There is no doubt that data governance is an essential practice for 21st century organizations. However, as companies look to implement new artificial intelligence solutions, including GenAI, its implementation is becoming increasingly complex and challenging. Find out how good data governance can help enterprise data projects thrive in the context of AI.

Data governance is a set of processes, policies, and standards that help organizations ensure that data is secure, accurate, and usable. It emerged in the early 2000s, but more recently, with the explosion of data in organizations and digital transformation, its adoption has become more necessary.

In fact, it represents a new approach to data management to extract meaningful data that supports strategic decision making. The adoption of data governance policies facilitates the transformation of information into high-value resources, while mitigating vulnerabilities in its implementation.

Some of the key aspects of data governance include

  1. A) Defining the owners of data assets.
  2. B) Developing a policy that specifies who is responsible for various aspects of the data.
  3. C) Defining processes for storing, archiving, securing, and protecting data.
  4. E) Develop a set of standards and procedures that define how the data will be used.
  5. F) Establish audit controls and procedures to ensure compliance with governance standards.

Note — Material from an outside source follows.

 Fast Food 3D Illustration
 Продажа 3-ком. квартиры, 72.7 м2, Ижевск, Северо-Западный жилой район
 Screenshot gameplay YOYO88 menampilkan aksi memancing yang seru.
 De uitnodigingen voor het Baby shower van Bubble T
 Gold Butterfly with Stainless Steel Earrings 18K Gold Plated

In Argentina, a common example where this practice can be seen is the National Registry of Persons, RENAPER, since many organizations consult data and there are not only very clear policies regarding the security, reliability and privacy of the data, but there are also specific regulations regarding what data can be consulted. This is the case of name and surname and gender identity, since special permissions are needed to access this data, and this is the nodal contribution of data governance.

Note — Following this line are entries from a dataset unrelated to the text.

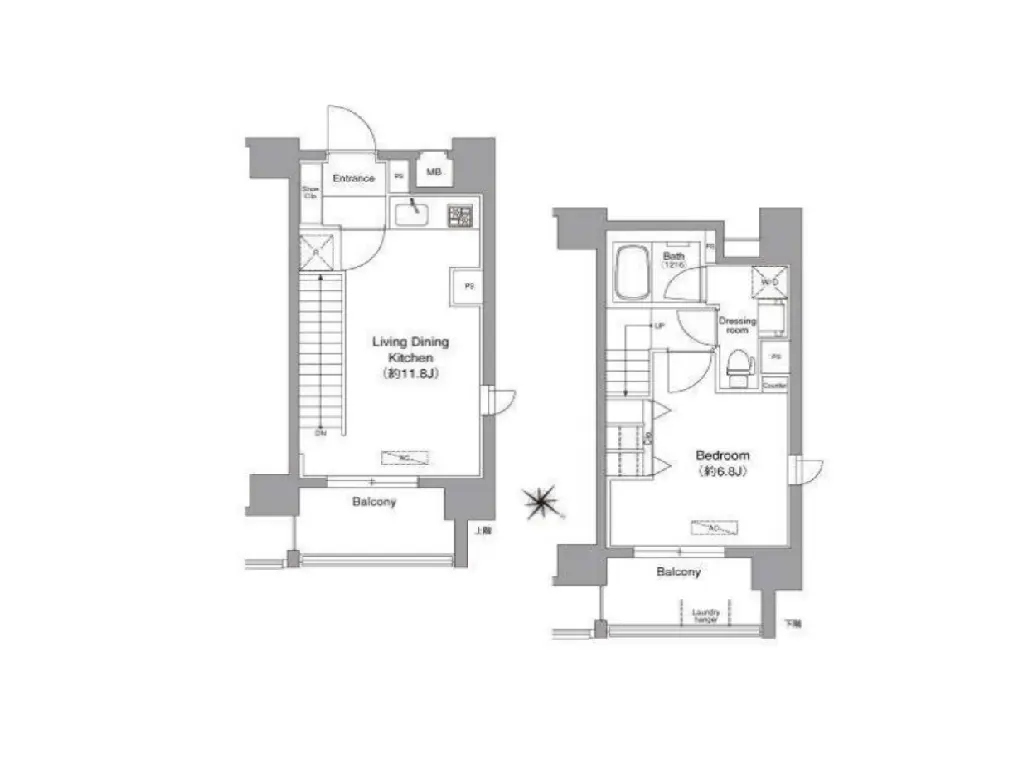 - 2階建て住宅の間取り図、1階はリビングダイニングキッチンとバルコニー、2階は寝室とバスルームを配置した設計図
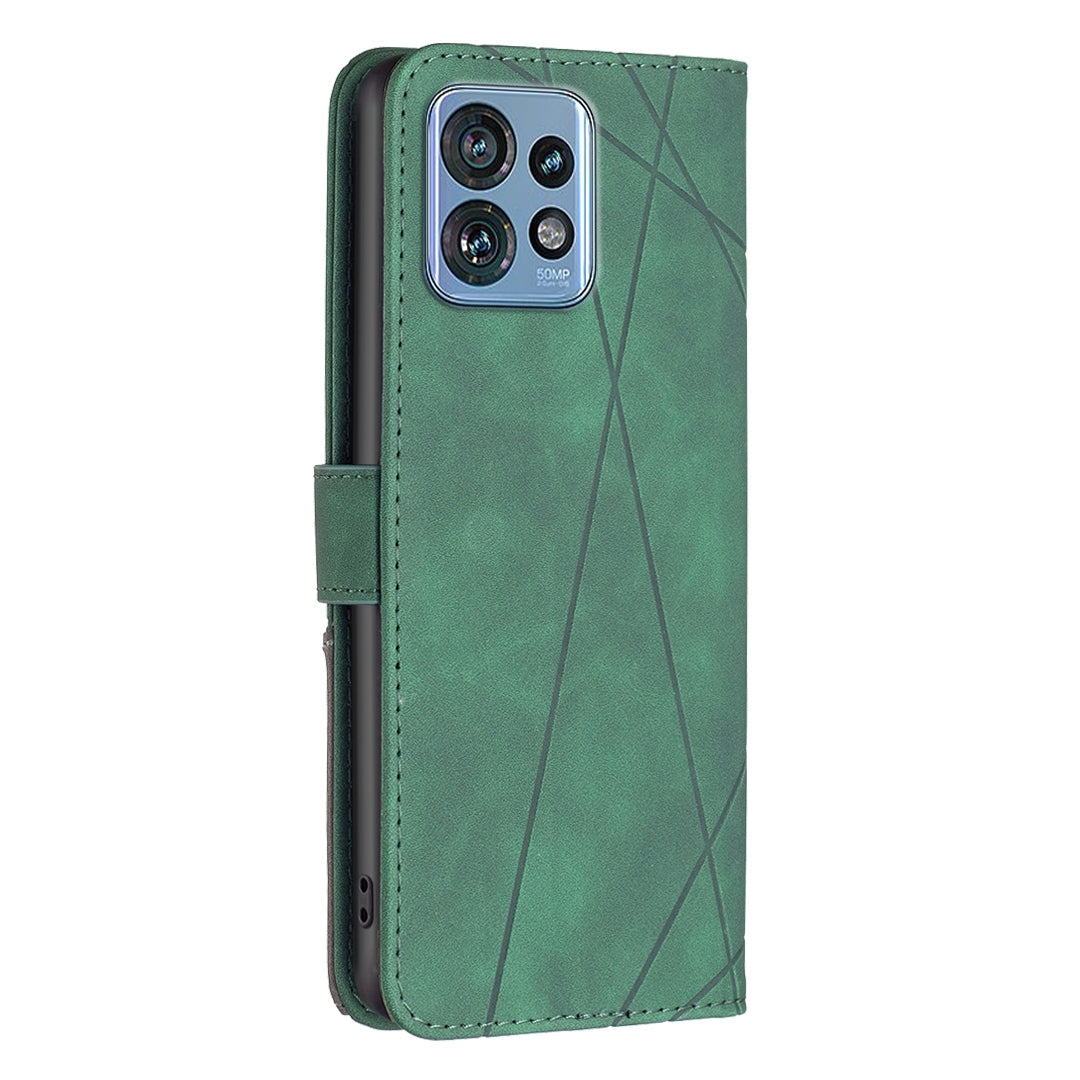 Motorola Moto X40 Wallet Case – Rhombus Texture PU Leather, Magnetic Buckle, Card Slots, Stand Function, Shockproof Protective Cover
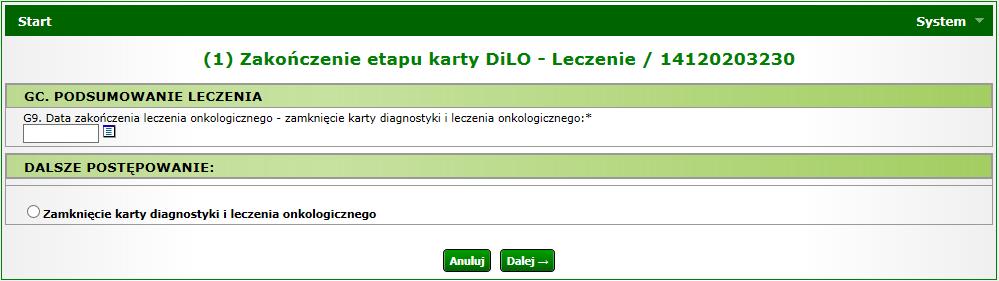 Rysunek 1-7 Przykładowa lista kart diagnostyki i leczenia onkologicznego Na Liście kart diagnostyki i leczenia onkologicznego karta, dla której został wprowadzony etap Leczenie otrzyma status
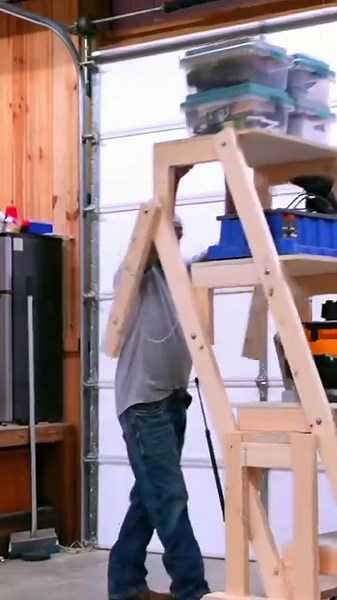 This transformation shelf is unbelievable…. #workstation #woodworking #organize #shelf #shop #tools #organization #plans #teach #learn #makemoney #workshop #tipsandtricks #tips #transformingshelf #sidehustle #crazy #easy | Matthew Peech Woodworking And DIY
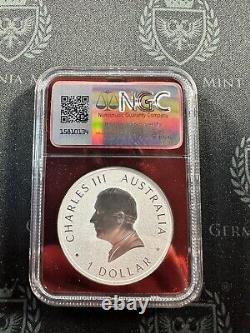Aigle à queue en coin d'Australie 2024 Etiquette Rouge 1 oz Argent NGC MS70 signé par Mercanti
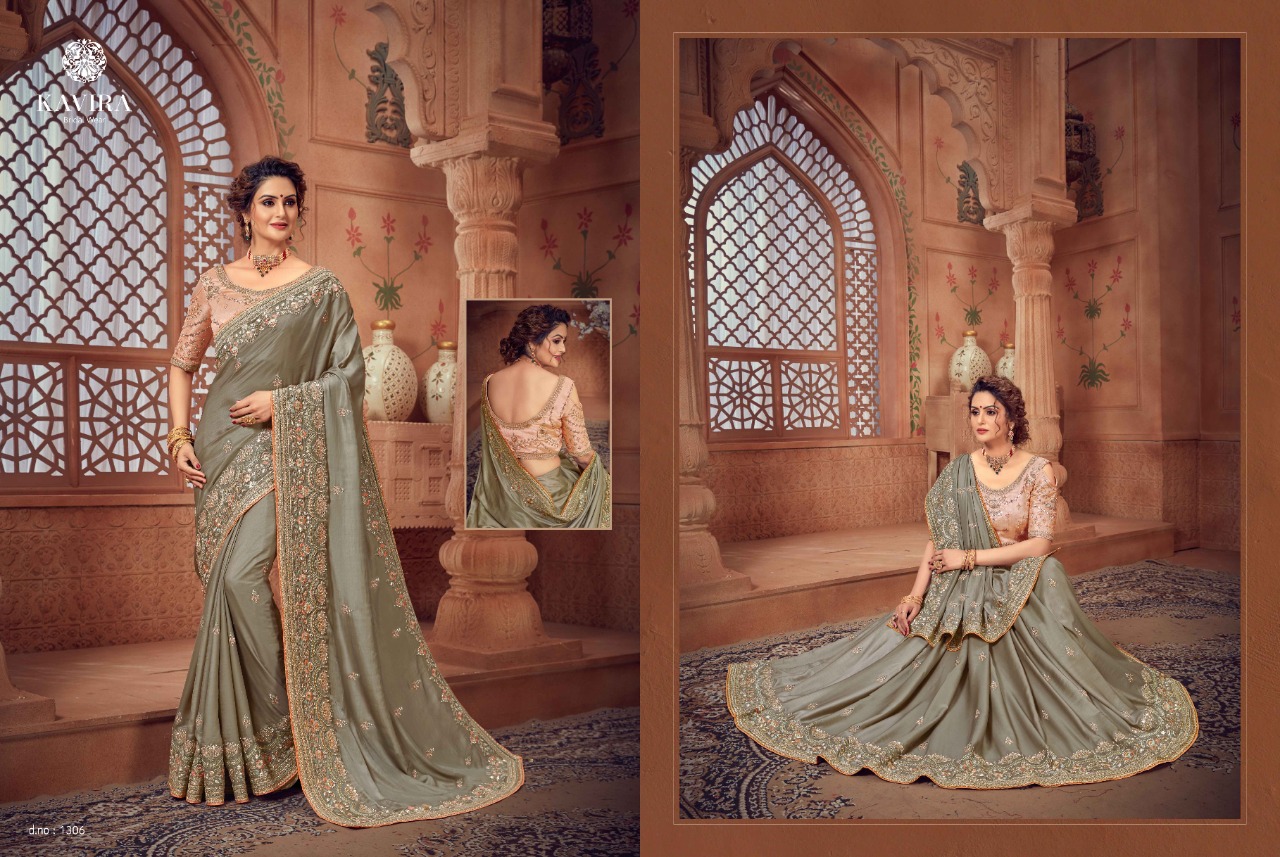 Kavira Launch Alvira 1301-1308 Series Fancy Traditional Wear Sarees Cataloge Wholesaler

Changing Scale and Internal Organization

As the scale of data in organizations grows, several key questions arise regarding the internal organization among the areas that manage or influence corporate information and the roles each plays:

  1. Who owns the data?
  2. Who is responsible if data is inaccurate or loaded incorrectly? This is the famous notion of accountability, which includes the ability to take responsibility and its importance to organizations.
  3. Which areas or profiles of the company are responsible for defining data standards and data protection?
  4. What are the risks of not having a clear structure of policies and responsibilities?
  5. Where and how should sensitive data be stored and handled? The emergence of more modern cloud environments also comes into play.

With the proliferation of systems, data, and integrations, it is clear that conflicts between departments are increasing. This is the classic problem between technology, legal, accounting, operations and more commercial or human resources areas, where the responsibility and definition of clear and transparent information is disputed.

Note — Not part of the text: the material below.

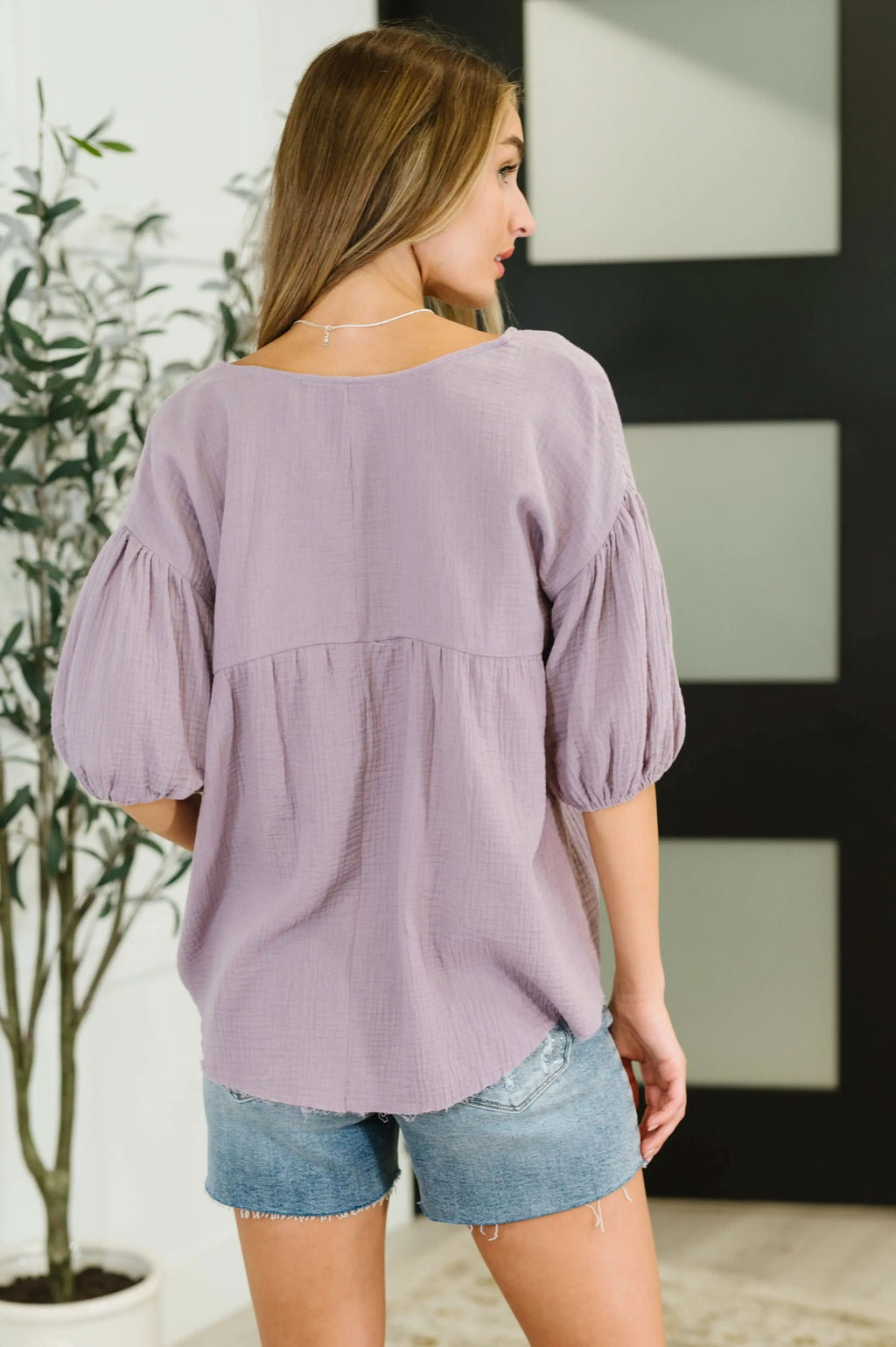 One Eleven North Pleasantly Perfect Bubble Sleeve Peasant Blouse in - Blouses photo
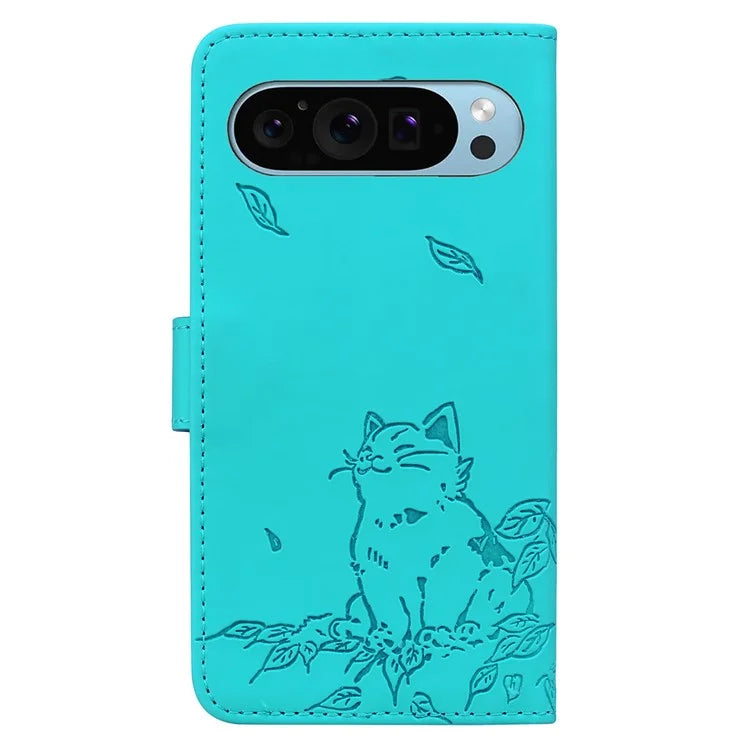 For Google Pixel 9 Pro XL Case Wallet Cat Pattern Imprinted Leather Phone Cover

For example, when the company has to prepare the annual financial statements, it is essential that there is a clear voice that defines what the company’s profit is and how this variable is objectively defined. It is not just a software issue, it is a management issue.

An emerging role in this fragmented process is the important figure of the Chief Data Officer (CDO), a senior executive responsible for managing a company’s data so that decisions can be made based on it to achieve business objectives.

This role was first created in 2002 at the financial services company Capital One. Initially, the role focused on risk management and compliance, but over time it has evolved: effective data management allows companies to adapt to change and anticipate what may come.

One of the central functions of the CDO is to set the company’s data usage strategy and centralize data governance, among other things.

The CDO then sits down with the key data-related areas of the business and provides a clear definition of internal and external information management policies.

A lot of times people use software as a service thinking that it is not their problem, that it is just a technology problem. And the fundamental change for organizations is to move from a traditional vision where certain people had a vertical monopoly on data or were loading the data in a way that was not effective or was unstructured, to having a policy that analyzes, classifies, and transforms raw data into statistics and models that can be shared, that can innovate, and that can contribute across the board to making decisions that are aligned with the core business of the organization.

When Data Governance Meets Artificial Intelligence

It is a fact that companies increasingly want to use Artificial Intelligence and GenAI solutions in their processes and decision-making with data.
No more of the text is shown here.